Unplug & Recharge//

Why You’re Worse at Reading People When You’re Tired

What research tells us about sleep deprivation and recognizing emotions in others.

Image courtesy of Unsplash

Being sleep deprived could lead to some uncomfortable social encounters. A new study published in the journal Neurobiology of Sleep and Circadian Rhythms suggests that when we’re sleep deprived, we have a harder time recognizing when people are happy or sad.

The researchers, led by University of Arizona psychologist William D.S. Killgore, showed photographs of the same male face expressing six different emotions to 54 participants. There were 180 photos total, some with very obvious displays of emotion and others with more subtle signs.
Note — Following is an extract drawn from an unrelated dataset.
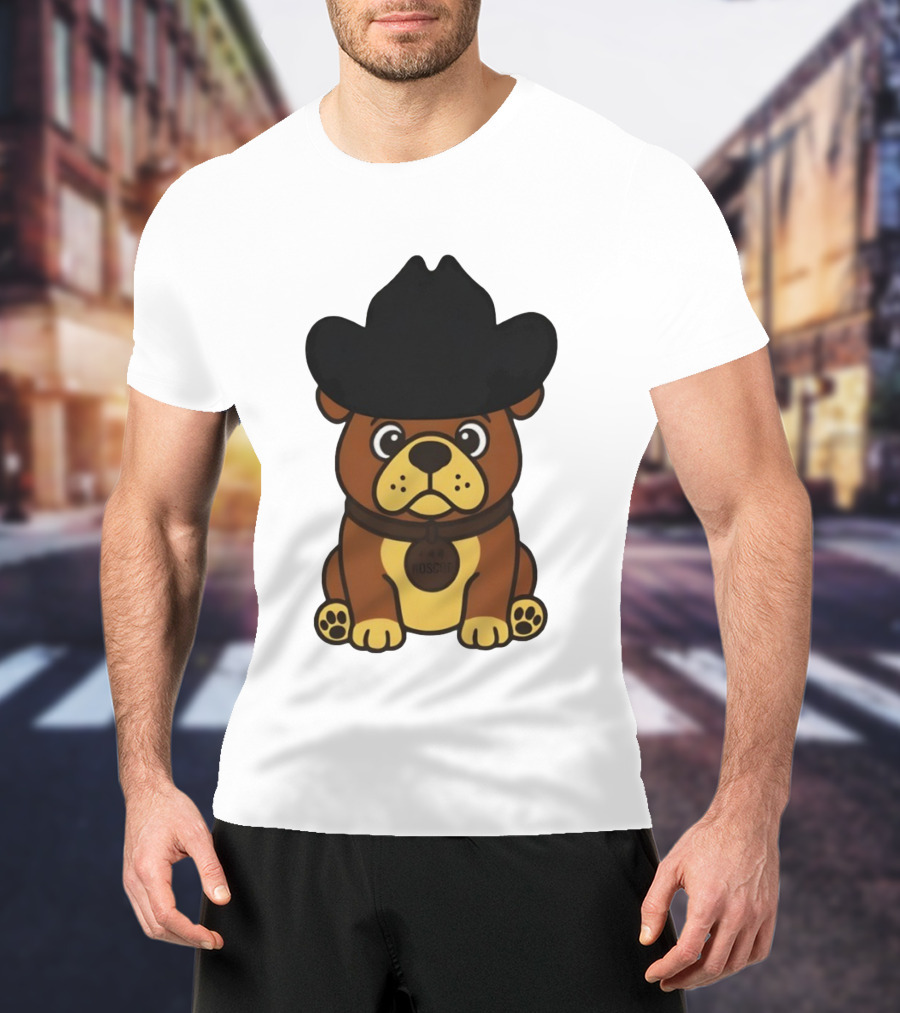 Rodeo Roscoe Dog Cowboy Hat Brown Pup T-Shirt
When participants were sleep deprived, they had a harder time recognizing “more subtle expressions of happiness and sadness,” according to the study press release. (Their social sussing abilities came back after a good night’s rest). When they were sleep deprived, participants could still recognize obvious expressions like anger or fear though, something Killgore suspects is due to survival instincts: We’re hardwired to recognize emotions we perceive as threats.

While recognizing happiness and sadness may not be crucial to our immediate survival, it has a marked impact on our human experience, namely our ability to correctly read and respond to those around us. For example, being able to tell if your boss is mildly pleased or slightly disappointed by your recent project.

If we’re not sleeping enough, we lose the ability to read the “emotions that make us human,” Killgore said, and may be less empathetic as a result. He concludes that, “to me, that is one of the biggest problems [with lack of sleep] — how this affects our relationships.”

You should always aim for a good night’s sleep for selfish reasons like your own physical and mental health. But if all else fails, catch some zzz’s to be more perceptive in your social life — those you interact with will thank you.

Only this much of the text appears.